Ludwig Feuerbach (1804-1872) threw sufficient light on the concept of alienation and Marx agreed with most of the views of Feuerbach. We have already stated that Feuerbach strongly criticized the prevailing concept of religion and in that connection he opposed the religion-created alienation.
Feuerbach said that “man is not a self-alienated God, but God is self-alienated man” God is created by man, but he is above man and is separated from man in all respects. He is estranged from man and Feurbach calls it alienation.
In Feurbach’s opinion religion is the best example of estrangement or alienation. He further says that it is peculiar that the religion or God is man’s own creation and ultimately he is separated from it. Naturally if man wants to make him alienation-free, the best way is de-alienation.
Feuerbach confined himself within the religious alienation and Marx did not agree with this, because he was of opinion that alienation was of more than one form. This was first pointed out by Hess.
Hess did not agree with Feuerbach’s one type alienation. Marx also agreed with Hess and this he noted in his Economic and Philosophical Manuscripts. “Marx praised Hegel for having grasped the self-creation of man as a process, objectification as loss of the object, as alienation and transcendence of this alienation. But he criticized Hegel for having identified objectification with alienation and for having regarded man as self-consciousness and the alienation of man as the alienation of his consciousness” Bottomore (ed) A Dictionary of Marxist Thought.
Marx’s Theory of Alienation:
Both The German Ideology and Paris Manuscripts have elaborately analysed the theory of alienation. In the Paris Manuscripts Marx has used the term alienation of labour or alienated labour.

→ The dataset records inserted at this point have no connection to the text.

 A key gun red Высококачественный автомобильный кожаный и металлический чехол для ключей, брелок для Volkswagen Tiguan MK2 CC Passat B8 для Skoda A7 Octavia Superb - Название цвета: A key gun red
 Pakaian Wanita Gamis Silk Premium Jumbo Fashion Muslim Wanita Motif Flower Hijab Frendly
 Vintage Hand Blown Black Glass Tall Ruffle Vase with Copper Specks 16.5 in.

What did Marx actually mean by alienation or alienated labour? We shall quote a lengthy passage from his Paris Manuscripts. He said: “The worker is related to the product of his labour as to an alien object. The object he produces does not belong to him, dominates him and only serves in the long run to increase his poverty. Secondly, alienation appears not only in the result, but also in the process of production and productive activity itself. The worker is not at home in his work which he views only as a means of satisfying others’ needs. It is an activity directed against himself, that is, independent of him, and does not belong to him. Thirdly, alienated labour succeeds in alienating man from his species. Species life, productive life, life creating life turns into a mere means of sustaining the worker’s individual existence and man is alienated from his fellowmen. Finally, nature itself is alienated from man, who thus loses his own inorganic body.” Marx speaks of these four types of alienation.

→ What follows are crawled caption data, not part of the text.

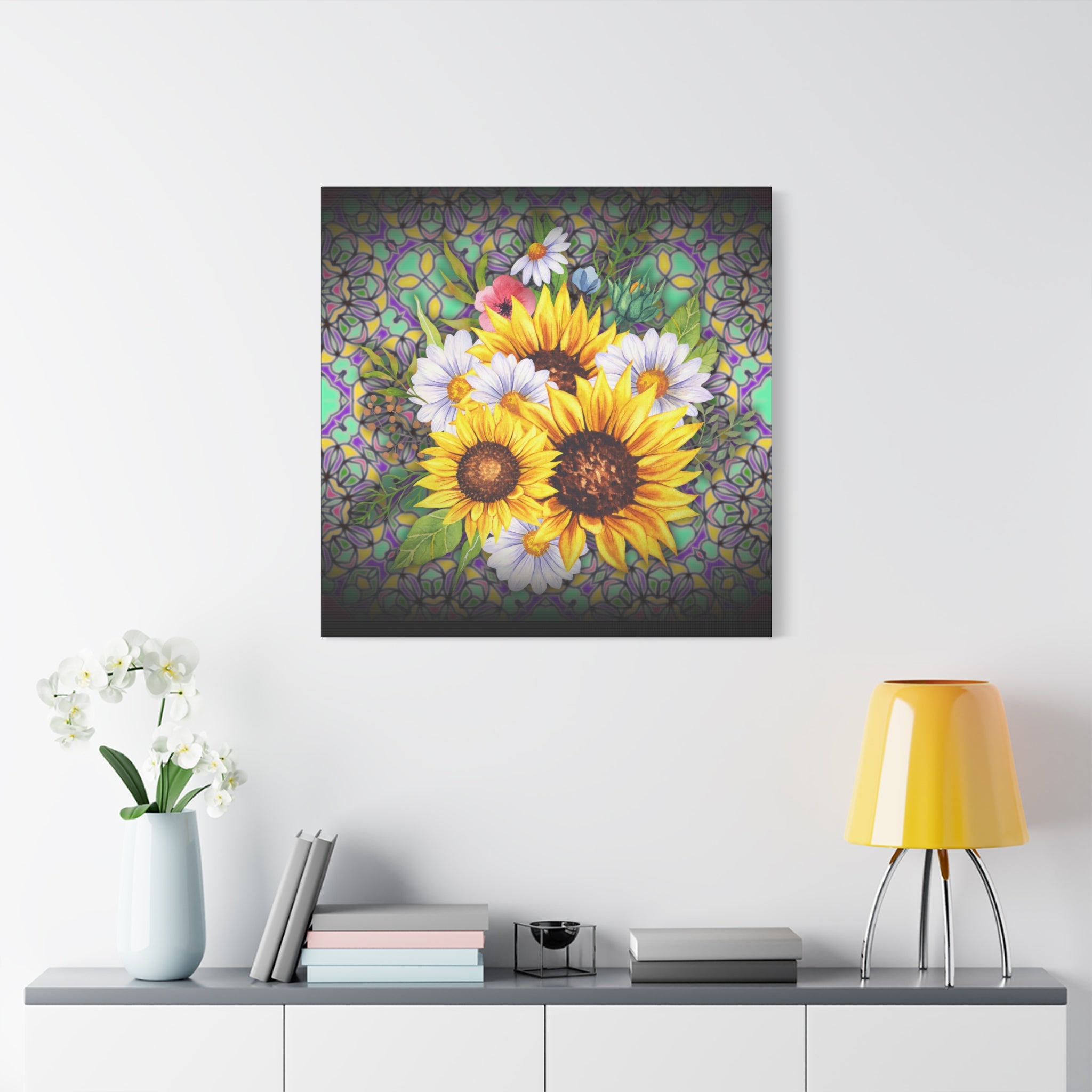 Floral Art Canvas Print, Wall Décor for Home, Gift for Flower Lovers, Botanical Wall Art, Sunflower Canvas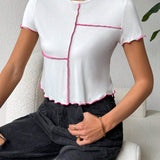 Camiseta Casual De Punto Con Bloque De Color Blanco Y Rojo Rosa De Primavera/verano Para Mujeres , Cuello Redondo Y Costuras Epuestas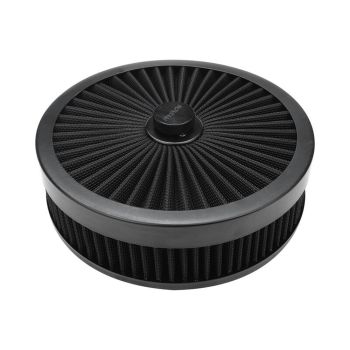 Proflow Air Filter Top Round 9x2" Black suits 5-1/8" Flat Base PFEAF-230051B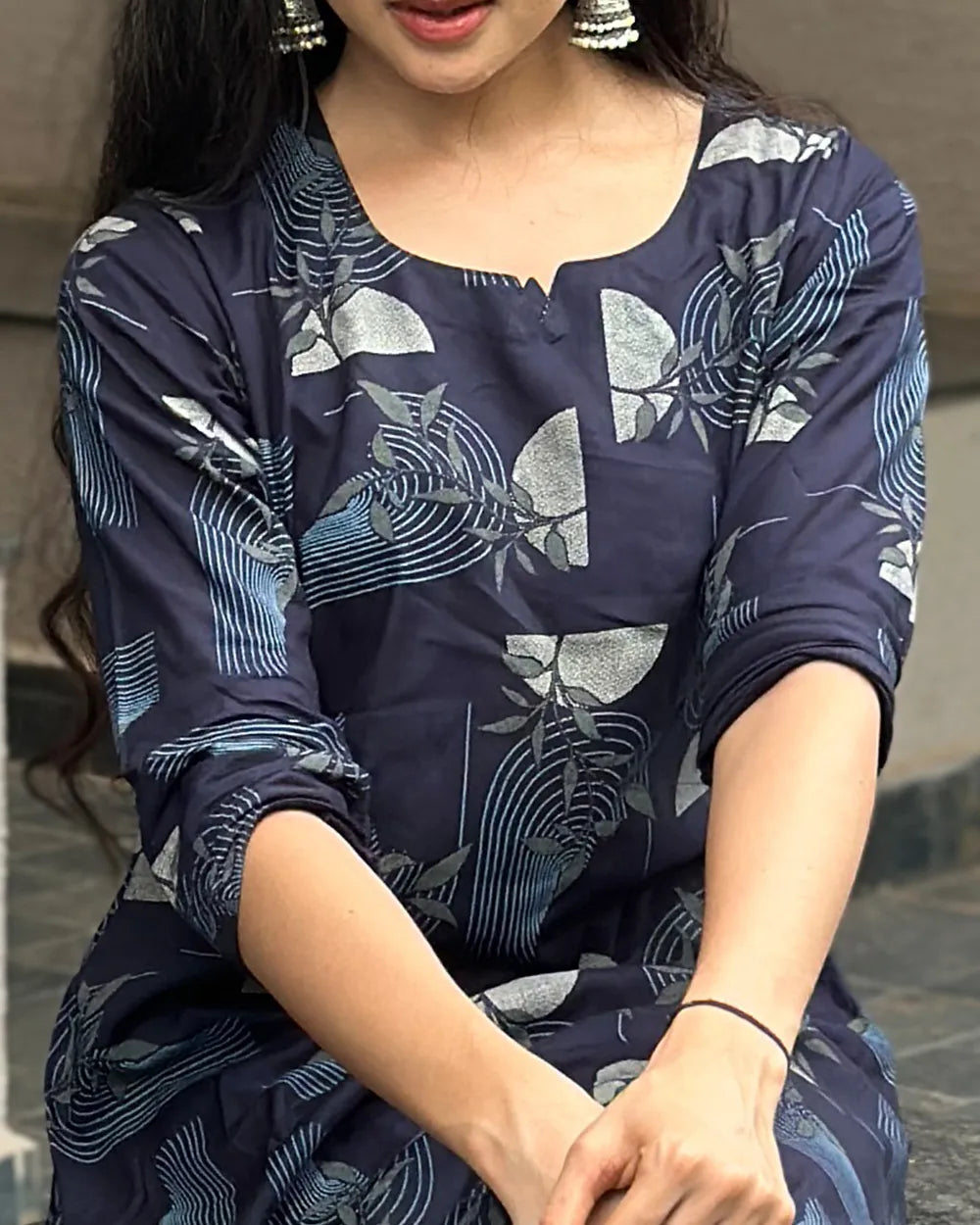 Dark Blue Rayon Co-ord Set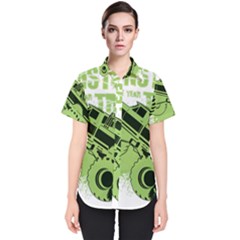 Monster Truck Illustration Green Car Women s Short Sleeve Shirt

The alienation, he describes, is primarily the product of capitalist system of economy. But if the capitalism is in its childhood stage the alienation does-not seem to be its basic characteristic.

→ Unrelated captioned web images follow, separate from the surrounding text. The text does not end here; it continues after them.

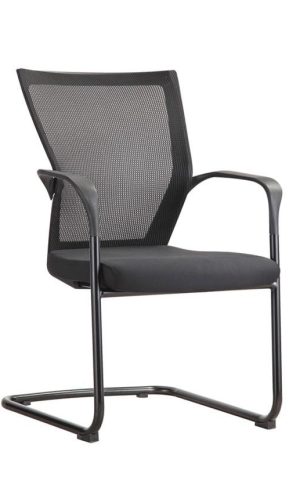 Chaise de réunion 604ZZ, assise tissu noir et dos résille noire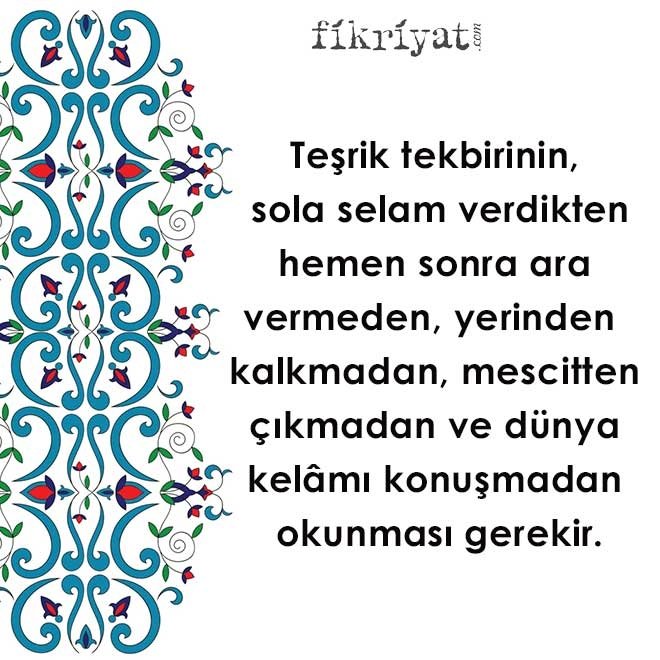 Teşrik tekbiri nasıl getirilir?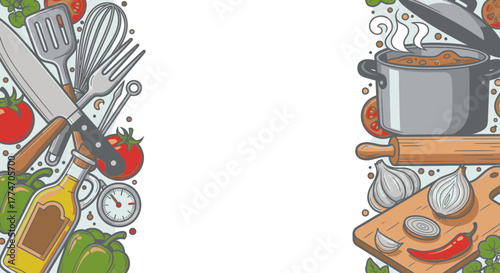 Various cooking utensils and ingredients are arranged on both sides of a blank space.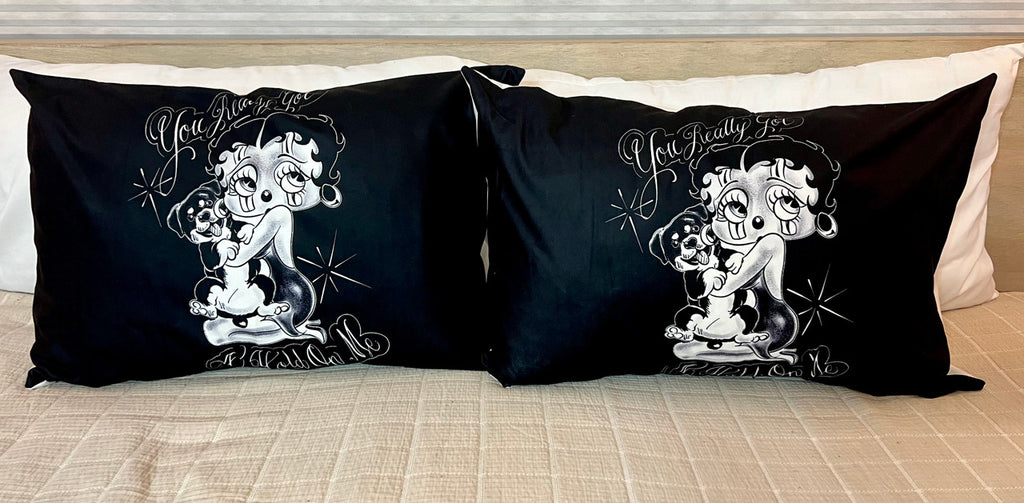 'YOU REALLY GOT A HOLD ON ME' Pillowcases (Set Of Two) *BLACK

When it sufficiently develops the alienation surfaces prominently. Explaining Marx’s standpoint or view Kolakowski makes the following observation: “Private property is a consequence and not a cause of the alienation of labour. In the developed conditions of capitalist appropriation the alienation of labour is expressed by the fact that the worker’s own labours as well as its own products have become alien to him. Labour has become a commodity like any other, which means that the worker himself has become a commodity and is obliged to sell himself at the market price determined by the minimum cost of maintenance; wages thus tend inevitably to fall to the lowest level that will keep the workmen alive and able to rear children”.
In other words, the worker works hard and this he does not for his own satisfaction or benefits but for the benefits of the capitalist. He grumbles, he remains dissatisfied. But he is helpless.
Marx has also said:
“The worker only feels himself outside his work, and in his work feels outside himself. He feels at home when he is not working, and when he is working he does not feel at home”.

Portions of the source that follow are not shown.